November 2, 2017

No sooner had the presidential election of Nov. 8, 2016, thrown the world into a state of utter confusion, then some of the confused decided to thwart the electorate. They would try to twist the Electoral College into chaos, and, if that did not defeat Donald J. Trump, they would carelessly and mistakenly claim cheating at voting booths once vowed to be immovably secure...

Jay Ambrose

No sooner had the presidential election of Nov. 8, 2016, thrown the world into a state of utter confusion, then some of the confused decided to thwart the electorate. They would try to twist the Electoral College into chaos, and, if that did not defeat Donald J. Trump, they would carelessly and mistakenly claim cheating at voting booths once vowed to be immovably secure.

One stumble followed another and Trump still stood, but, ah, but what if the Russians had undermined our democracy and Trump actually arranged this thing? Impeachment, that's what, and the search and media mayhem were on, powerfully aided by U.S. intelligence agents feloniously leaking classified information. What were these criminals doing? Trying to make the Russian threat come in second to some in our own government?

Now, we have a special counsel, Robert Mueller, someone who thinks he's above the law and has the might and moolah to go just about any direction he wants in a Russian collusion investigation that has now produced indictments.
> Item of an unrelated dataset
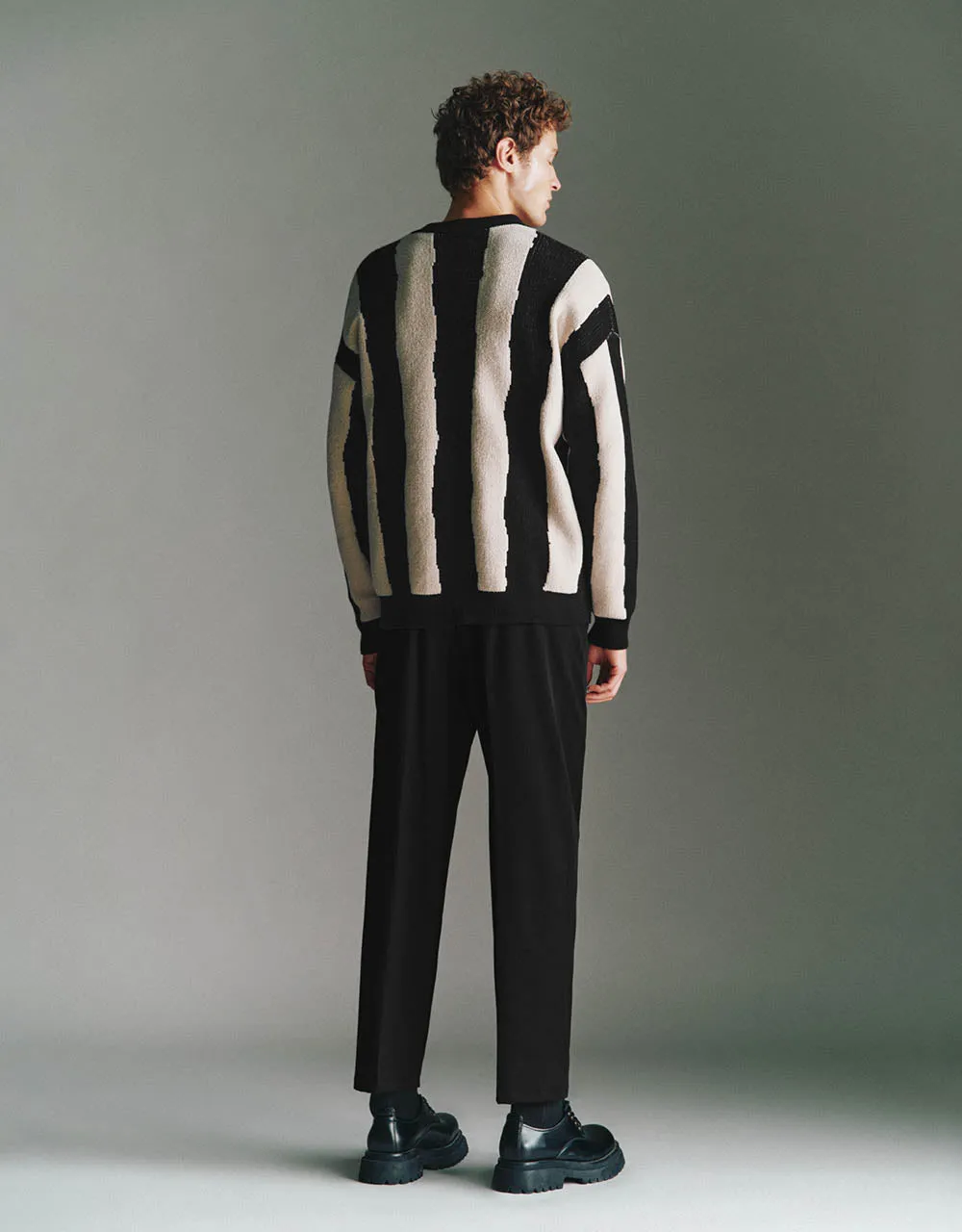 Striped V-Neck Knitted Cardigan sold by Urban Revivo product image thumbnail 3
Two are of Paul Manafort and an aide. They are charged with getting laundered millions from foreigners overseas long before Manafort became a short-term Trump campaign manager. He was much involved in Russian interests in Ukraine, Manafort was, and worked with a Democratic lobbying firm that visited with congressional honchos of liberal intent - another collusion possibility?

The charges against Manafort could put him in prison for years even though they are legally slippery. A point may be to get him to talk about Trumpian doings, it's said, and that brings us to the third indictment.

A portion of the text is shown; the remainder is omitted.